In fact, the TSA has broken records for passenger screenings several times already in 2025. Many of those days occurred in the past few weeks.
As well as the busiest ever day on 22 June, TSA recorded seven other June dates when passenger traffic was at record levels. These included:
- 27 June: 2.99 million passengers
- 19 June: 2.98 million passengers
- 29 June: 2.96 million passengers
- 23 June: 2.95 million passengers
- 26 June: 2.93 million passengers
- 15 June: 2.89 million passengers
Only one other day in 2025 has broken the three million passenger benchmark – 23 May, when 3.01 million passengers passed through TSA checkpoints.

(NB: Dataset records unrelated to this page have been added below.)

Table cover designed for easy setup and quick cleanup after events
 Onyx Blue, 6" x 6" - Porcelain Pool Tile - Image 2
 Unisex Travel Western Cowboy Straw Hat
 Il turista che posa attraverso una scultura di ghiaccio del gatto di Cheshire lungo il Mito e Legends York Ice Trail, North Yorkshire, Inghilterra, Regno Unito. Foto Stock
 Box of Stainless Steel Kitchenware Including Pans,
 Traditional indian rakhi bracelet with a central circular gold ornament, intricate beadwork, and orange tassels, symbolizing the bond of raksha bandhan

Historically, the first time more than three million passengers were screened was 7 July, 2024, when 3.01 million passed through checkpoints after the 4th of July holiday celebrations. Thanksgiving Sunday last year also saw just over three million, setting a new single-day record for the TSA.
Could the 4th of July 2024 see TSA records broken again?
Given the high demand for travel last month, it’s possible throughput could be even higher as we approach the Independence Day holiday.
The agency expects to screen over 18.5 million air passengers between 1 and 7 July, with the busiest day projected to be Sunday, 6 July. At present, the TSA estimates around 2.9 million travelers, but there’s a high potential for the numbers to break the three million barrier again.
Several airports have revealed their forecasts for 4th of July travel, and it’s not just the big hubs that are sagging under the weight of travel demand.

Houston airports, covering both George Bush (IAH) and Hobby (HOU) told the Houston Chronicle they expect up to 217,000 passengers per day on the peak travel days this week. The airports say this is 11% more than the same travel period last year.
Given the airports’ combined capacity of 63 million passengers a year, this is in excess of its average daily capacity limit of 172,603.
The FAA told Skift it is “preparing for the busiest Fourth of July week we’ve seen in 15 years,” with more than 300,000 flights expected.
Can air travel demand keep growing?
IATA’s latest data for May 2025 shows that global air travel demand remains strong, up 5.0% year-on-year, with capacity growth keeping pace and load factors steady at 83.4%.
However, in North America, growth has been moderate. Passenger demand declined 0.5% in May 2025, a sharp contrast with the double-digit growth we saw in 2024. IATA Director General Willie Walsh said this was “led by a 1.7% fall in the US domestic market.”
Conversely, markets in Asia-Pacific and Latin America continue to drive global growth.

APAC saw an increase in demand of 9.4%, with available seats only growing 7.1%. Consequently, load factors rose by 1.8% to a high of 83.8%.
In Latin America, demand was up 8.5% although capacity growth was even higher, up 9.6%, leading to a 0.8% reduction in load factor.
“Consumer confidence appears to be strong with forward bookings for the peak Northern summer travel season, giving good reason for optimism,” Walsh concluded.